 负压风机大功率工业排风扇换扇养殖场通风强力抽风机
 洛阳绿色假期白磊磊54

------------------------

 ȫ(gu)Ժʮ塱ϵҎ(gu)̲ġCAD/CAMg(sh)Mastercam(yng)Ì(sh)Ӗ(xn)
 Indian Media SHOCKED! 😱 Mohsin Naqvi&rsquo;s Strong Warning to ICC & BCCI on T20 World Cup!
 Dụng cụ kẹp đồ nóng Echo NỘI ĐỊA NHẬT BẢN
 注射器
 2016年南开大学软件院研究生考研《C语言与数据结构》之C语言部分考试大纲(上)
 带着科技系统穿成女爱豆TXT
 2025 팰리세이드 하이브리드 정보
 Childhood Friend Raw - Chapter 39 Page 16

------------------------

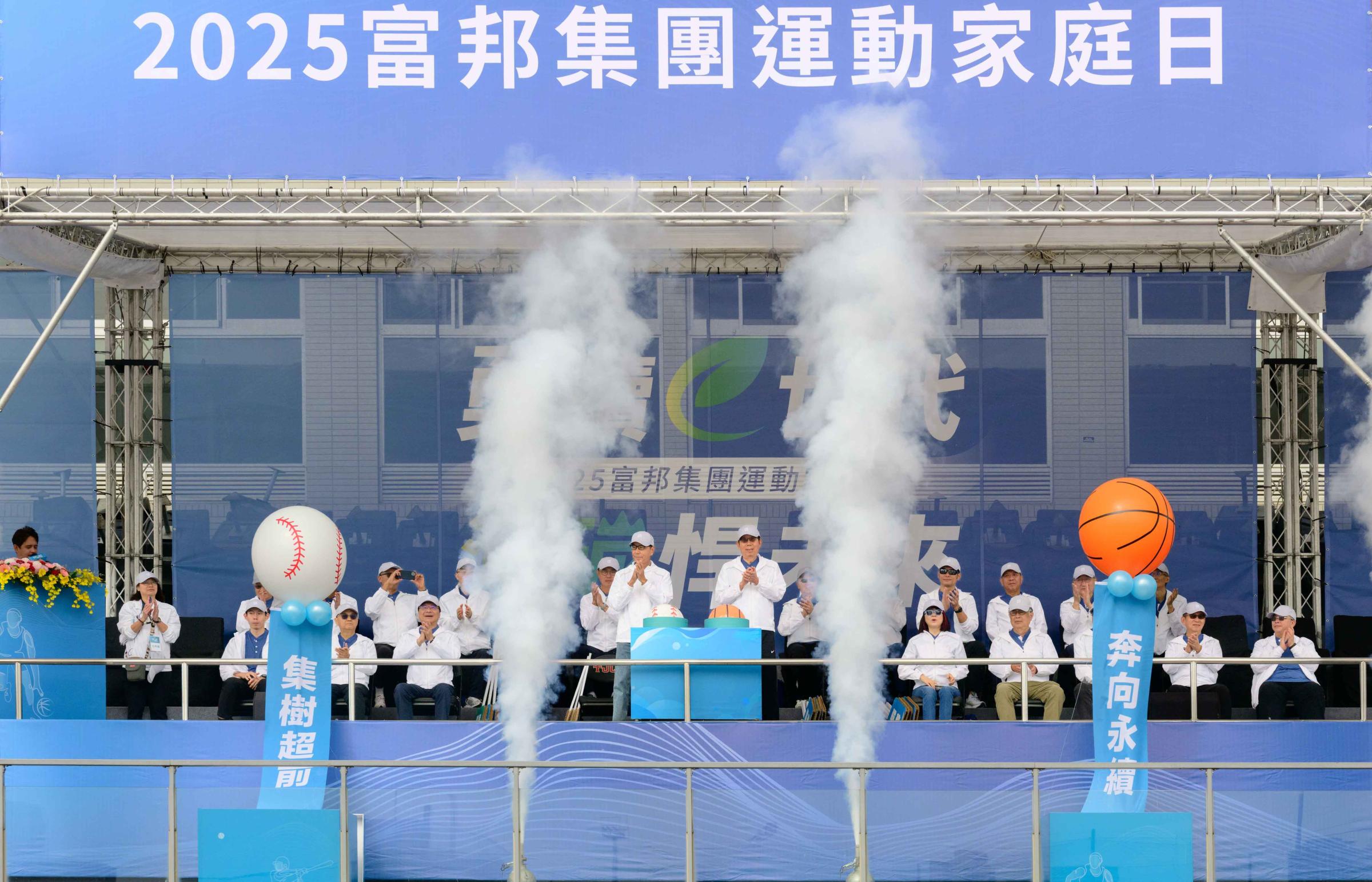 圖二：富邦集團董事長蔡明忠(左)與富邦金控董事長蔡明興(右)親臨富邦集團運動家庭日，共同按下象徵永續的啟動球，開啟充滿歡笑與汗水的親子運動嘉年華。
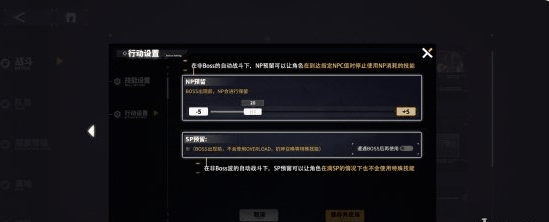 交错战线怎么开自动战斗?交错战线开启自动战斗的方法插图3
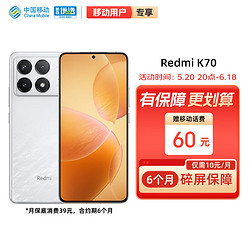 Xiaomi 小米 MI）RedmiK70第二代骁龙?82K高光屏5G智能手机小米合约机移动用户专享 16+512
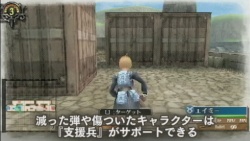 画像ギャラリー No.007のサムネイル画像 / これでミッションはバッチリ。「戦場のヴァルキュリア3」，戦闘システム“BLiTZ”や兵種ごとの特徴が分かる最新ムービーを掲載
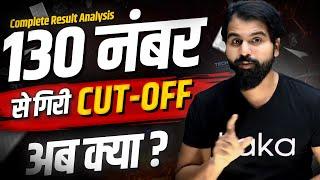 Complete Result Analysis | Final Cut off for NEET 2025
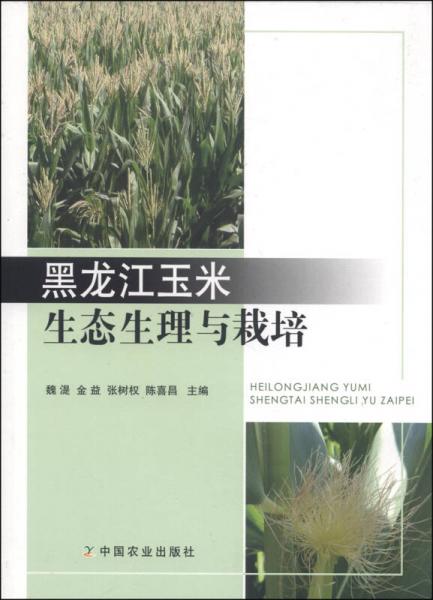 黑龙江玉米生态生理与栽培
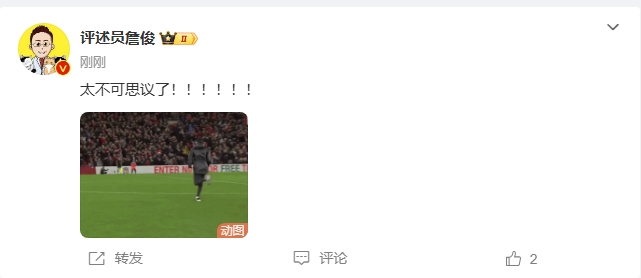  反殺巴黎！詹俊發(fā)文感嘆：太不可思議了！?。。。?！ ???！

------------------------

> _ASSIGNMENT_
In the entries above, find the line with "Xiaomi 小米 MI）RedmiK70第二代骁龙?82K高光屏5G智能手机小米合约机移动用户专享" and the line with "反殺巴黎！詹俊發(fā)文". Return exactly those lines and all the ones between them, pictures excluded.

> _TASK SOLUTION_
 Xiaomi 小米 MI）RedmiK70第二代骁龙?82K高光屏5G智能手机小米合约机移动用户专享 16+512
 画像ギャラリー No.007のサムネイル画像 / これでミッションはバッチリ。「戦場のヴァルキュリア3」，戦闘システム“BLiTZ”や兵種ごとの特徴が分かる最新ムービーを掲載
 Complete Result Analysis | Final Cut off for NEET 2025
 黑龙江玉米生态生理与栽培
  反殺巴黎！詹俊發(fā)文感嘆：太不可思議了！?。。。?！ ???！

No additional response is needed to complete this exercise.